Beautifully Finished Interior

So it’s got style, it’s got substance — but how’s that interior? Jaguar has been something of a mixed bag in that department as of late, sometimes lacking materials quality, usable technology and sensible controls. The F-Type’s interior hasn’t changed much for 2021, but there are a few new features of note. First of all, the materials quality is top-notch these days. The R model has beautiful quilted Windsor leather performance seats, high-quality plastics, real metal trim and some new display technologies for 2021. A new, fully digital 12.3-inch instrument cluster is standard and can be reconfigured several ways, even allowing for a full navigation map if desired. It also changes when you change driving modes, with different schemes that can be linked to different modes.

The multimedia system is the latest version of the Jaguar/Land Rover Touch Pro system, displayed on an easy-to-reach 10-inch screen. It feels faster than it has, with quicker changes between screens and a more intuitive layout — but still no ability to engage a “beep” confirmation sound when you touch the screen. Apple CarPlay and Android Auto are standard, or you can use Jaguar’s native apps for controlling your personal electronic device. There’s still some interior quirkiness with the Jag, however, such as central climate control vents that rise up from a hidden position whenever the dash vents are engaged. My immediate thought regarding these (and the exterior door handles that pop out from their flush position when you unlock the car) was: “Oh, well, these are going to break eventually.”

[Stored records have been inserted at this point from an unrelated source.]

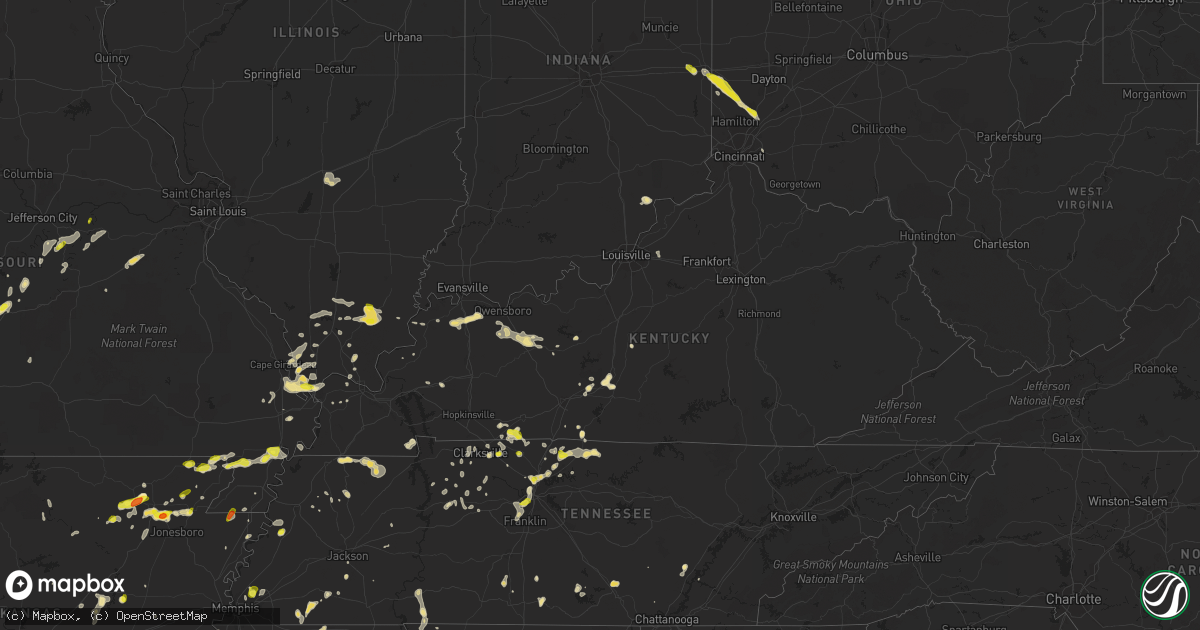 Hail map in Kentucky on May 20, 2018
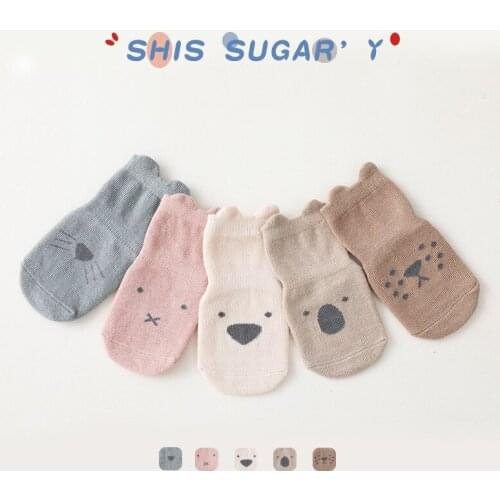 21New Autumn Winter Children Floor Socks Pink Cartoon Animals Combed Cotton Baby Socks Baby Non-slip Toddler Socks for 0-5Years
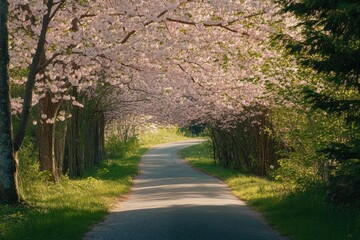 Obraz premium Scenic Cherry Blossom Pathway in Springtime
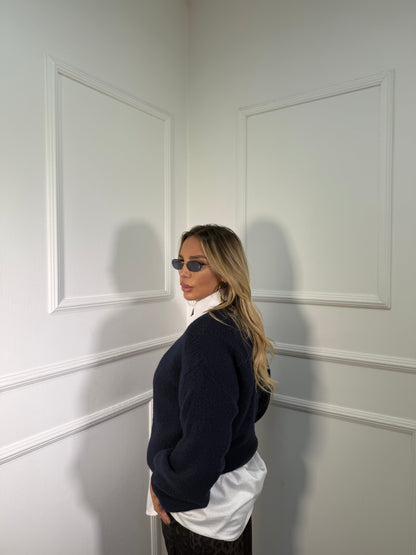 Pullover lana cotta Marshmallow blu a2412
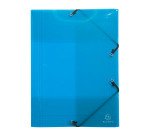 Chemise à élastique 3 rabats plastique Exacompta Crystal Colours 24 x 32 cm dos 3,5 cm coloris assortis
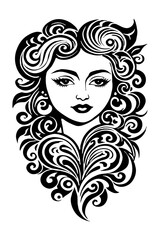 Fictional female character. Black and white pattern. For use on tattoos, posters, textiles and T-shirt prints. Generated by Ai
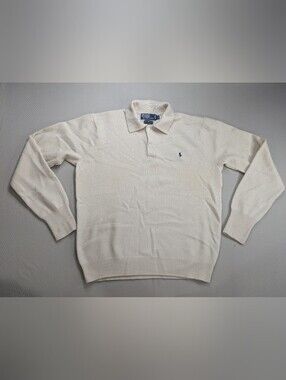 Vintage Polo Ralph Lauren 100% Lambswool  Collared Button Polo Sz M Cream Ivory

Electronically actuated climate vents are an unnecessary gimmick in what is otherwise a beautifully finished but unremarkably styled interior. There’s more artistry and comfort in here than you’ll find in a Porsche 911, with more luxurious materials, as well, but the 911’s rear-engine layout also makes for better forward visibility than you get in the F-Type. Of course, there is something to be said for gazing out over the Jaguar’s shapely hood, knowing it covers the beating heart of a true powerhouse of an engine.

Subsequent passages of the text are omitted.